E assim a nuvem percorreu com o arraial, rememorando a graça divina do Senhor Deus no princípio. O Deus de Israel era como o Deus da criação havia sido; pois Ele “é o mesmo ontem, hoje e eternamente”.

O evangelho é um grande sistema de trabalho, operado pelo Pai, Filho e Espírito Santo. E com base na autoridade do que foi feito, com base no que o próprio Deus operou na redenção consumada dos pecadores, Jesus, no evangelho, ainda Se volta para o homem culpado e desamparado, e diz a cada um e a todos: “Queres ficar são?”
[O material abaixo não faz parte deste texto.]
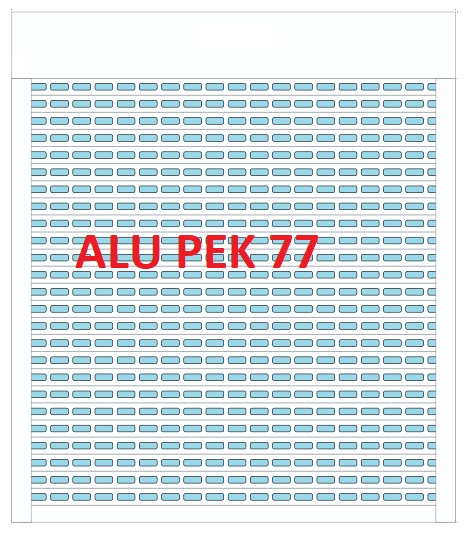 ALU PEK 77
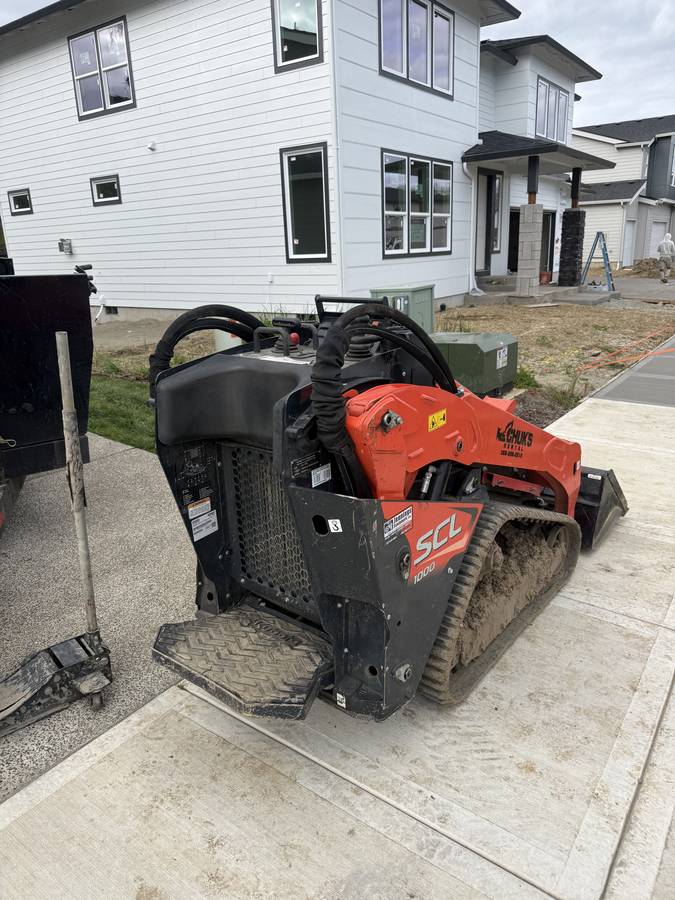 Kubota SCL1000, Import USA — Foto 3 z 6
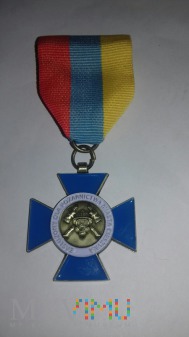 Odznaka Zasłuzony dla pożarnictwa Miasta Cieszyna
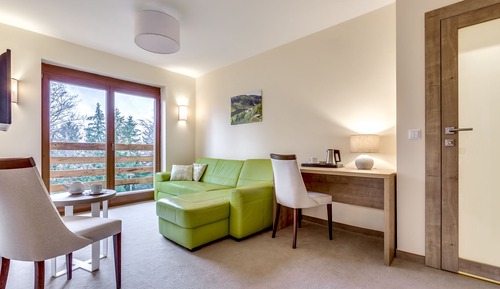 Family Studio Suite, 2 Bedrooms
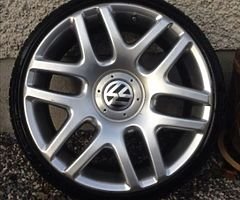 Wanted one 18' Helio wheel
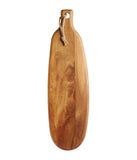KC Long Acacia Wood Paddle Board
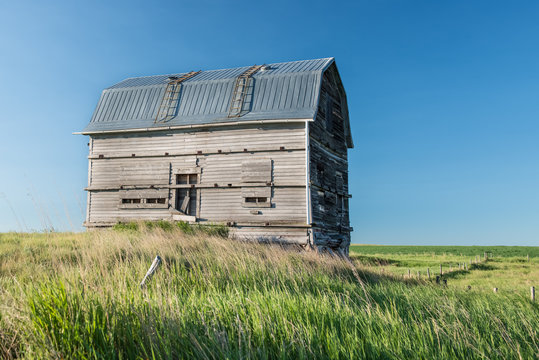 Prairie Barn #1
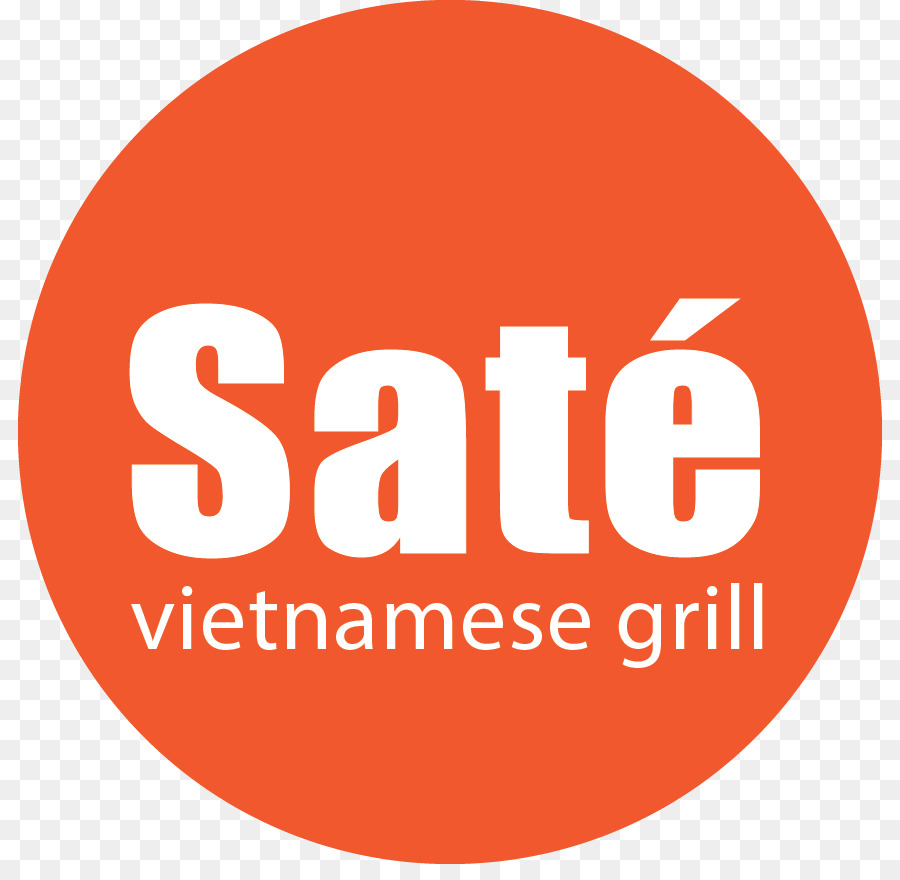 Sate Asian Grill，логотип PNG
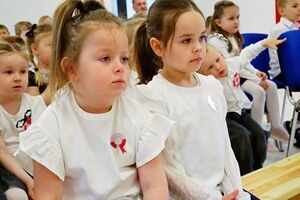 Optymistyczny Sejm Dziecięcy w Bajkowym Przedszkolu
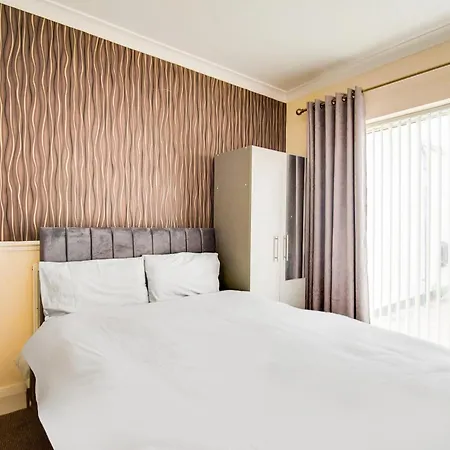 Hotell The Longlands Middlesbrough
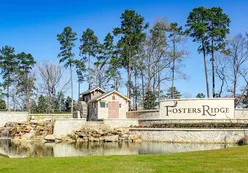 Community Entrance Sign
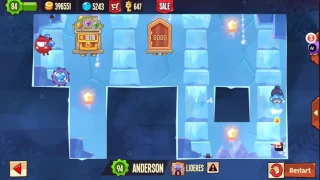 King Of Thieves - Base 32 Hard Layout Solution 60fps
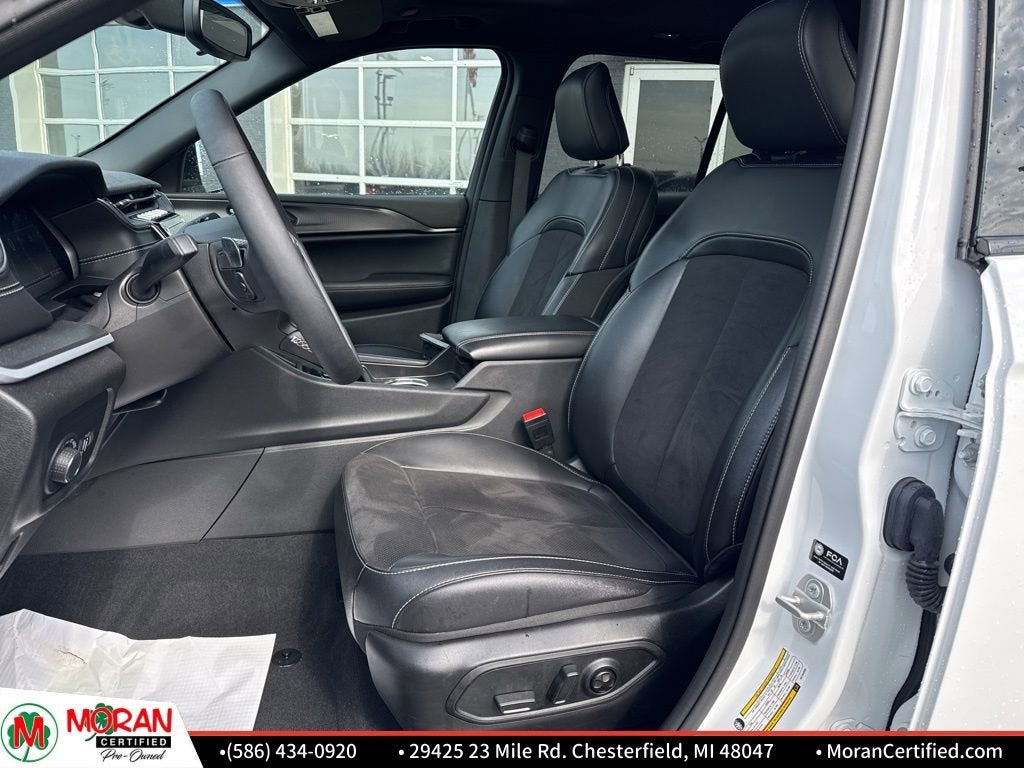 2024 Jeep Grand Cherokee Altitude X 4x4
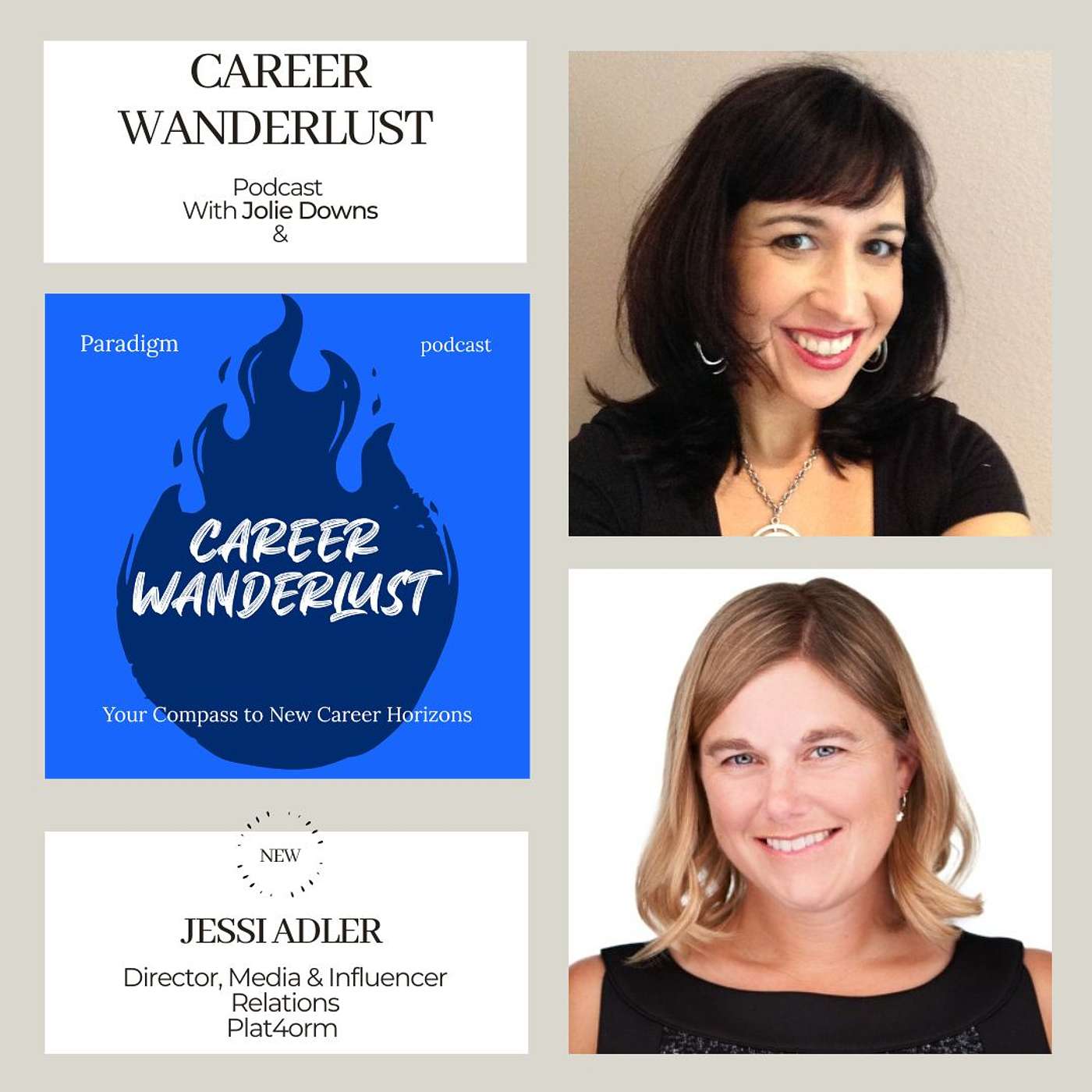 Career Wanderlust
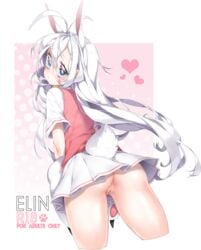 elin (tera) from tera online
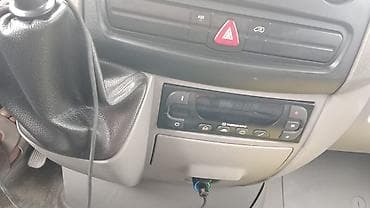 spirinter: Mercedes-Benz Спринтер: 2010 г., 3 л, Механика, Дизель, Фургон — 6
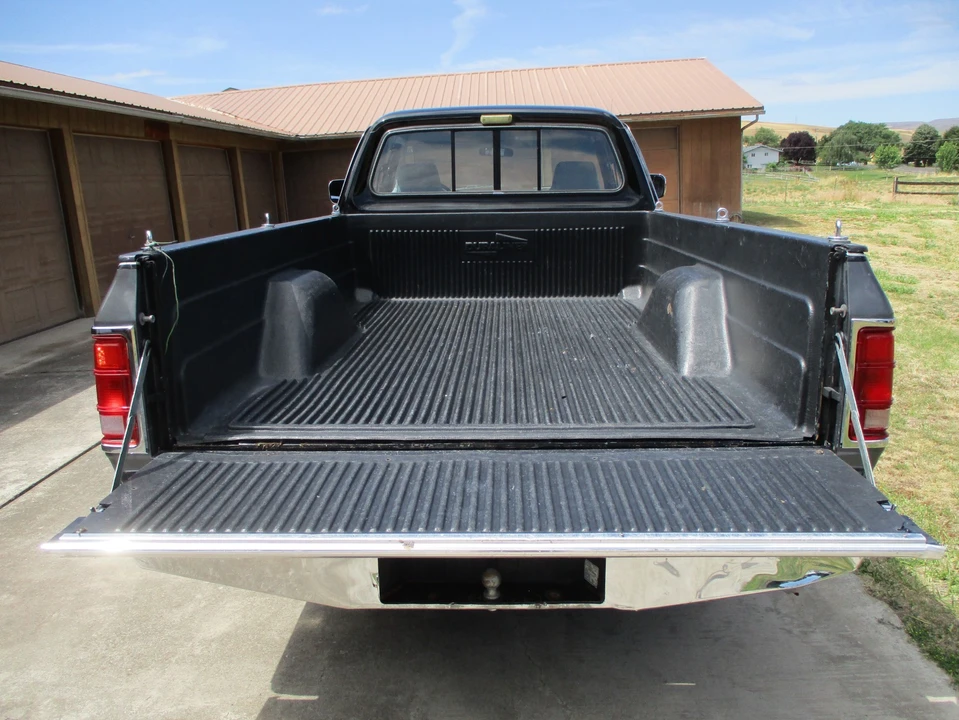1990 Dodge Ram 1st Gen - Image 15 of 31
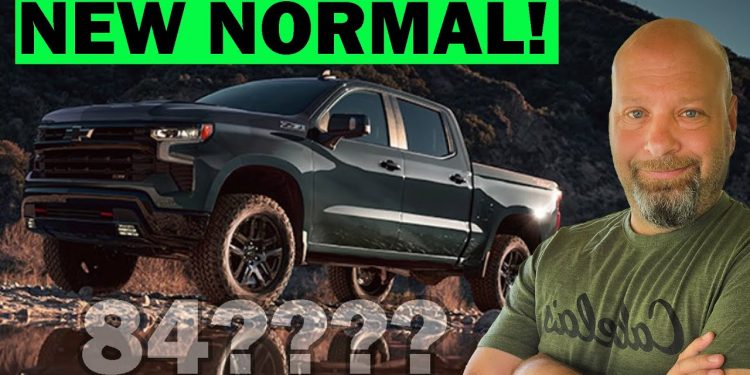 1 In 5 Auto Loans Are Now 84 Months! Best Selling Vehicle Per State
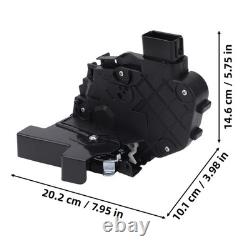 Front Right Door Lock Actuator LR091354 for 2009-2016 Land Rover Discovery MK4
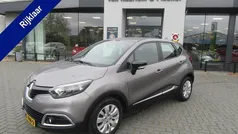 Grijs Gebruikt 2016 Renault Captur Expression SUV | € 5.950 (Goede deal)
Certamente a sequência é bem ponderada. Betesda reflete o Filho de Deus, o Salvador. A casa da misericórdia e o Senhor e Dispensador da misericórdia estão presentes. Mas, embora O reflita em sua medida, O destaca em uma medida um pouco maior. Faz com que a glória e as riquezas de Sua graça brilhem com mais intensidade por causa de seu próprio fundo tênue e escuro; e, assim como nas ordenanças mosaicas, também neste tanque perto da Porta das Ovelhas, O temos tanto por contraste quanto por semelhança.

Deixe-me acrescentar, como uma reflexão sobre este tanque perto da Porta das Ovelhas, que o alívio que a graça proporcionava, na era da lei, era apenas ocasional; como já observei; como por um juiz ou um profeta – e como também o anjo que agita esta água de vez em quando testemunha.

Mas agora, nesta era do evangelho, a graça ou a salvação de Deus é o que permanece, o que é ministrado. “Eis aqui agora o dia da salvação” (ARC). E, no entanto, não duvido que existam períodos especiais ou ocasionais de atuação e visitação peculiares do Espírito. Há “dias da visitação” agora, como houve antigamente; embora seja plenamente verdade que o presente é uma dispensação da graça, como antigamente não havia sido. A cidade de Corinto teve tal tempo concedido a ela, assim como Jerusalém teve antes dela (Lucas 19:41; Atos 18:10). Indivíduos, da mesma forma, têm tais tempos (1 Pedro 2:12); e, de fato, se Betesda testemunhou isso em Jerusalém em outros dias, tempos de reavivamento, como os chamamos, testemunharam o mesmo no curso da era da Cristandade.